Thursday, April 05, 2007

"Why are we fetishizing doing it at home?"

From today's Guardian, While women in the developing world are dying in childbirth, why are we fetishising doing it at home?, by Catherine Bennett:
Even if earthly arrangements were, in every other respect, irreproachable, human parturition would be fatal to the theory of intelligent design... Whatever the reason - divine malice, or the evolutionary conflict between big brains and pelvises tilted for walking upright - the consequences for at least 529,000 women a year are fatal. The World Health Organisation has estimated that this may be only half the true number...

... [T]he principle that - for western women - satisfactory childbirth involves far more than a safe delivery has long been mainstream. It ... was repeated this week, with Patricia Hewitt's offer of home births for all: "We want it to be as safe and satisfying for every woman in every part of the country as it can be."

An insincere promise, obviously, given that many maternity units are still appallingly understaffed (as well as dirty and ill-equipped)...
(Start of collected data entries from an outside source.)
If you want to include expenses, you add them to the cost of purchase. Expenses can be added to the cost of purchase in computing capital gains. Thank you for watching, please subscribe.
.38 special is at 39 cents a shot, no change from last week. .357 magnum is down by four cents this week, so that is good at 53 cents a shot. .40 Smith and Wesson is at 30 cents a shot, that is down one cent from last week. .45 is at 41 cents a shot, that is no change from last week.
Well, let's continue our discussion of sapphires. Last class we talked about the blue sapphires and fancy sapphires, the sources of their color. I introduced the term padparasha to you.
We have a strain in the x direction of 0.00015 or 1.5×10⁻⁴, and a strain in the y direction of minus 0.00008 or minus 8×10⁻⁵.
So long as their babies are safe, there is, of course, no reason why Britain's birth fetishists should not attempt, and then advertise on dedicated websites, their prodigious feats of home-dilation ... There seems no reason, however, why this peculiarly middle-class form of self-absorption should be indulged by the rationing, supposedly rational NHS. Merciless when denying life-prolonging drugs to cancer patients, indifferent to pensioners who are still being humiliated on mixed wards, Hewitt has instead prioritised the demands of that limited group of women who believe that state-funded childbirth should be tailored around their own lifestyle choices, as set out in bossy, novella-length birth plans ...
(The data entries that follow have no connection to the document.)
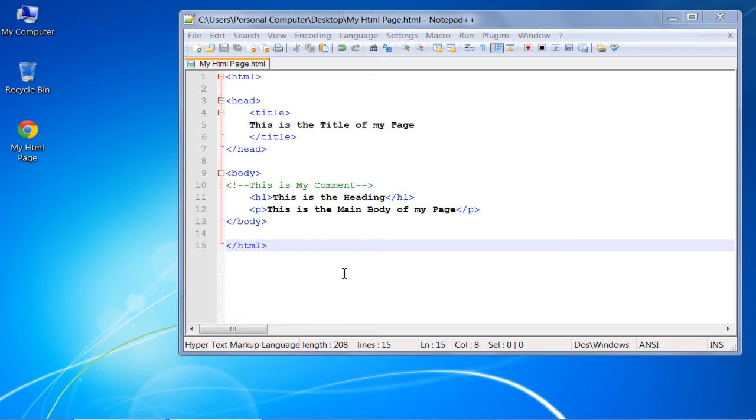In this tutorial, we will guide you on how to make an HTML paragraph. Over here, we have a simple HTML page opened up in a text editor.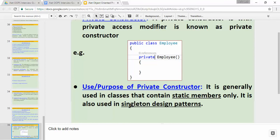Another use of the private constructor is with the singleton design pattern. In some upcoming videos I'll cover design patterns and explain the singleton design pattern in detail.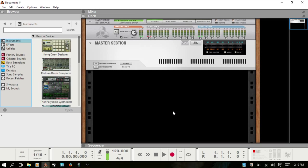Welcome to part one of talking about Reason's new RV7000 MK2 Advanced Reverb, which they introduced in Reason 8.3. We're going to overview some of the basic settings, get you finding your way around the reverb, as well as give a brief talk about what convolution reverb is.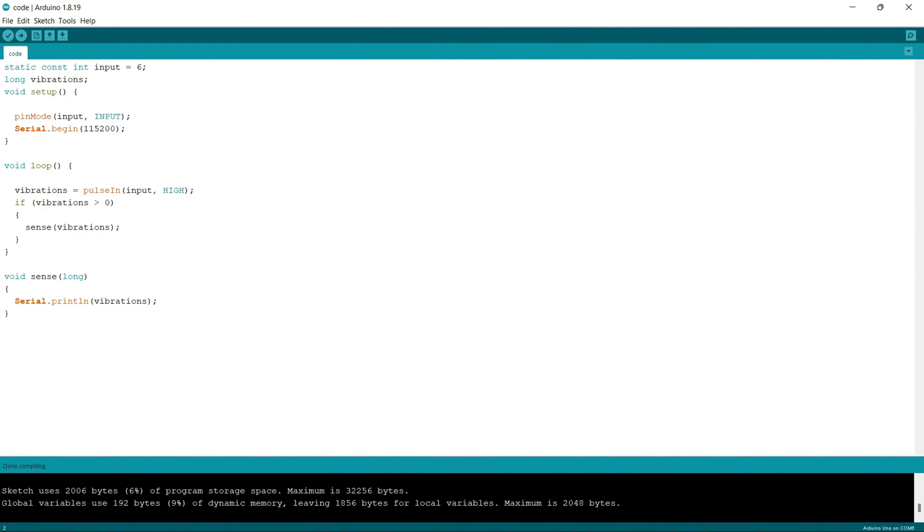Next in the void setup, I am setting the pin mode of input pin, that is pin number 6 on the Arduino as the input. Next, I am initializing the serial monitor with a baud rate of 115200.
While terminally sick and elderly patients are dispatched to die among strangers in medic-free wards, Hewitt has accepted that our sturdiest, most articulate primigravidae should be encouraged to summon medical staff to their sitting rooms, for reasons which, when they are not to do with the sacred, or personal self-esteem, seem largely to relate to convenience ...
I suspect that the same pressure to hold down costs that leads the NHS to deny life prolonging drugs to cancer patients is at work here as well. The government thinks that homebirth will save large amounts of money, and the NHS is utterly broke (and broken). Noisy and vociferous homebirth advocates are being used as cover for the government to take away services from the majority of women.

There are no plans of any kind to implement the right to choose homebirth. There is no indication that the government will shift resources into the training and hiring of appropriate personnel. This is entirely about saving money and reducing services. It is cynical in the extreme, and homebirth advocates have made it possible.